EXERCISE DESCRIPTION
From the line holding "China El logotipo" through the line holding "A spacious living" below, write out every line exactly; include both of those lines and drop the pictures.

THE DATA
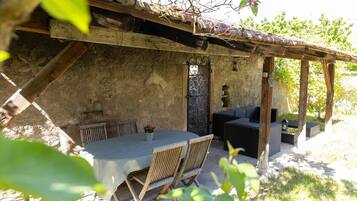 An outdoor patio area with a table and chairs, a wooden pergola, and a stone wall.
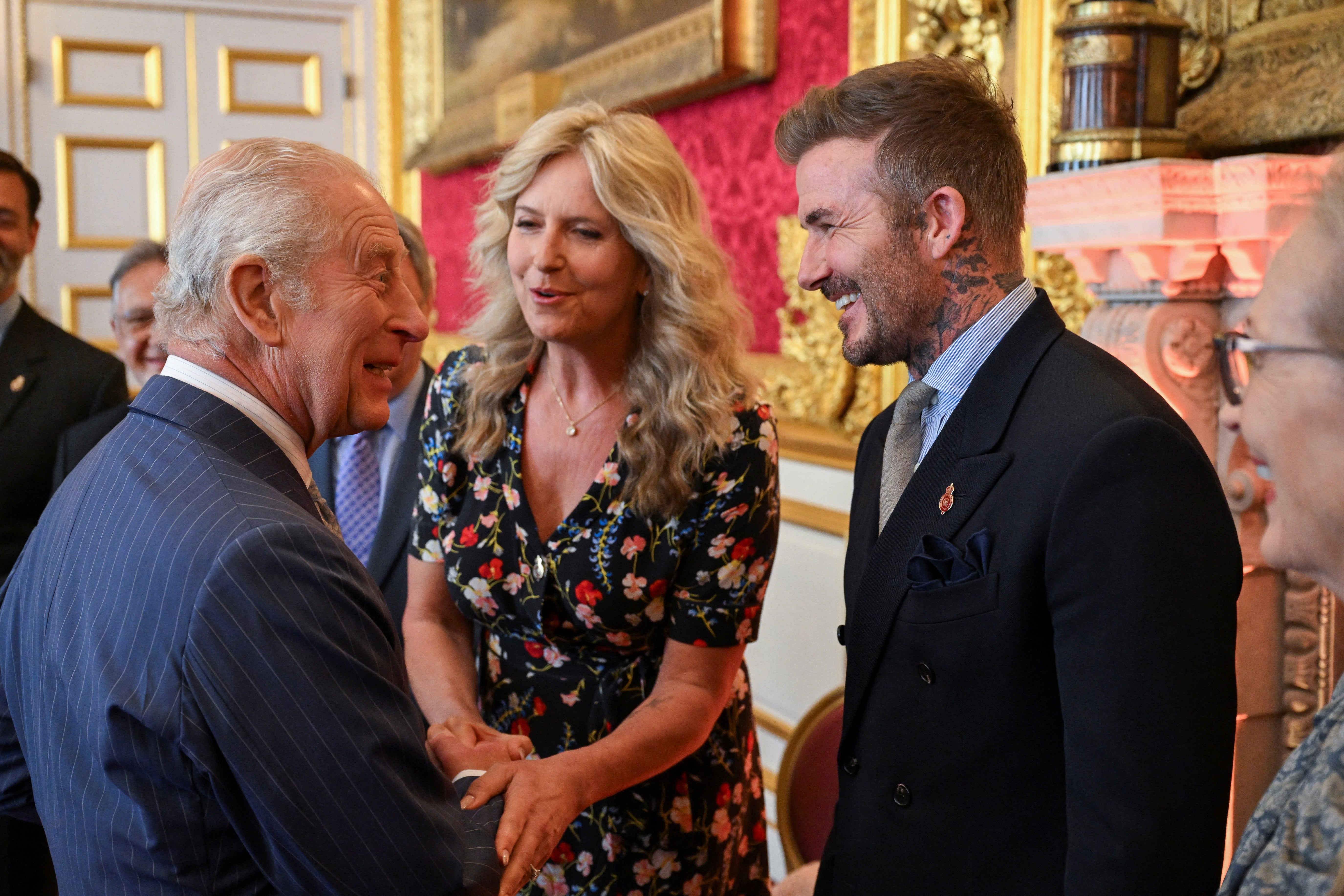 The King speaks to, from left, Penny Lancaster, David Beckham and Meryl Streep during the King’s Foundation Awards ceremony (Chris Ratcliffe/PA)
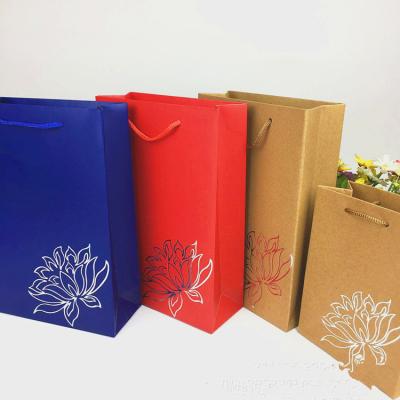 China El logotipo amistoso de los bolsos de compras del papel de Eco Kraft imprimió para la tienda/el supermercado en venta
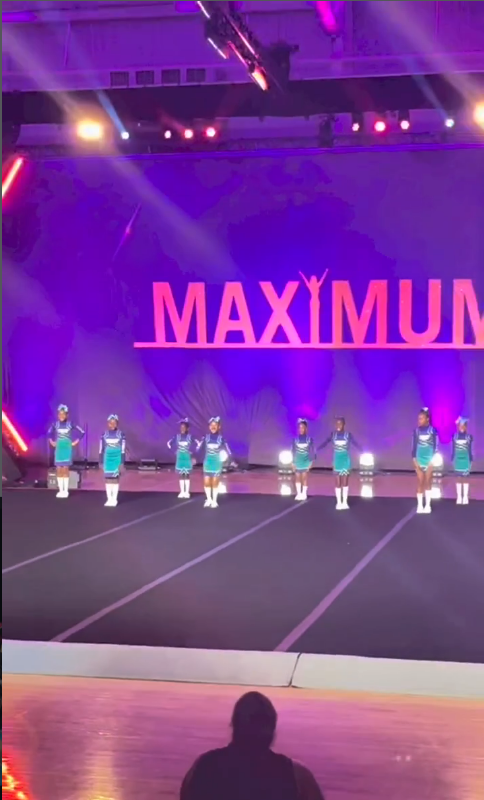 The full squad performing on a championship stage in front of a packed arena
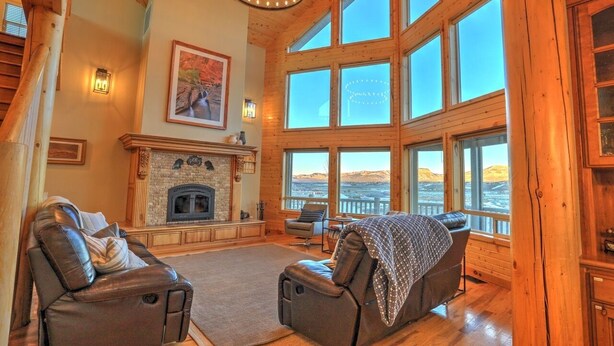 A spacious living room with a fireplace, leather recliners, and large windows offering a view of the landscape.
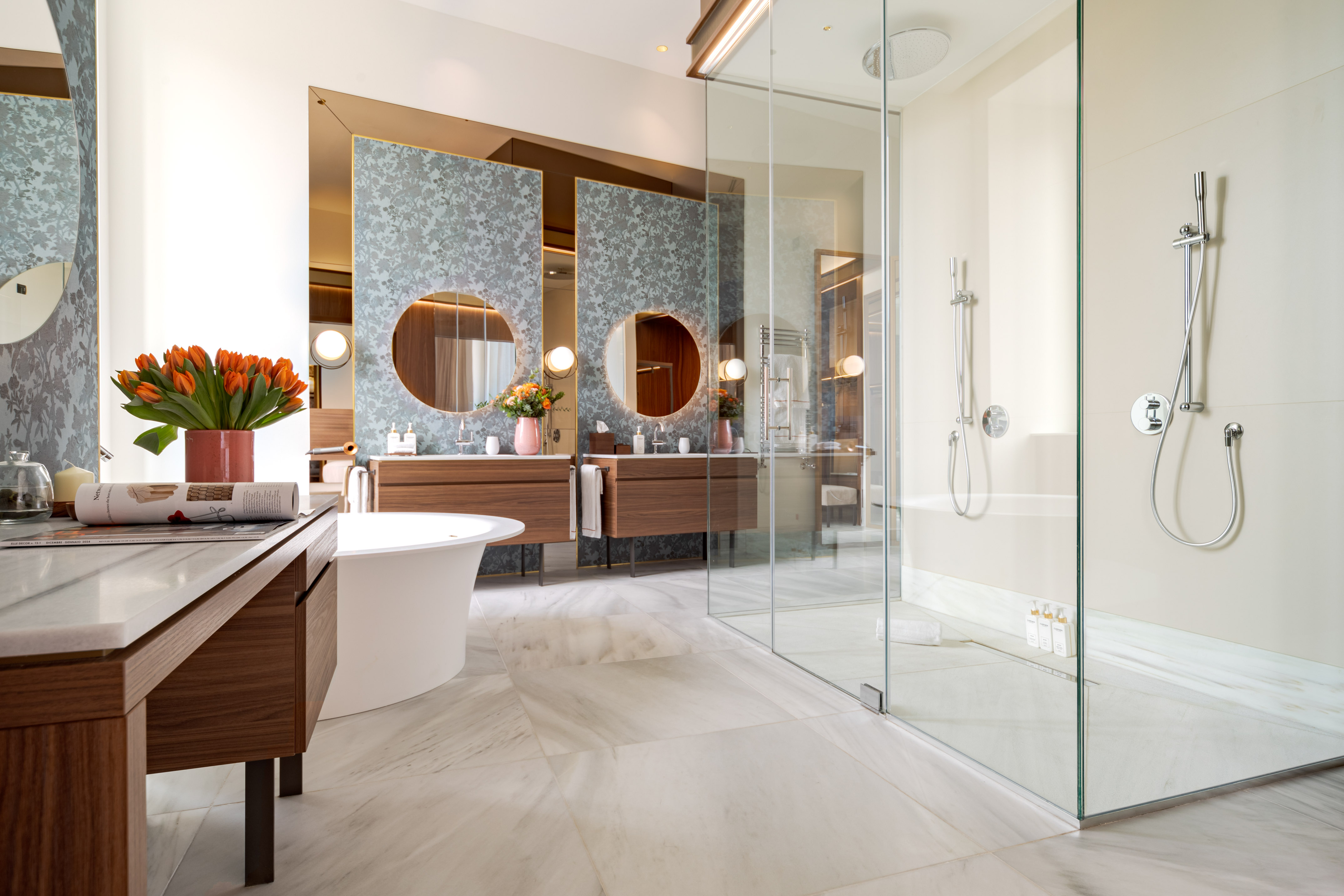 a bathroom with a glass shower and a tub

TASK OUTPUT
 China El logotipo amistoso de los bolsos de compras del papel de Eco Kraft imprimió para la tienda/el supermercado en venta
 The full squad performing on a championship stage in front of a packed arena
 A spacious living room with a fireplace, leather recliners, and large windows offering a view of the landscape.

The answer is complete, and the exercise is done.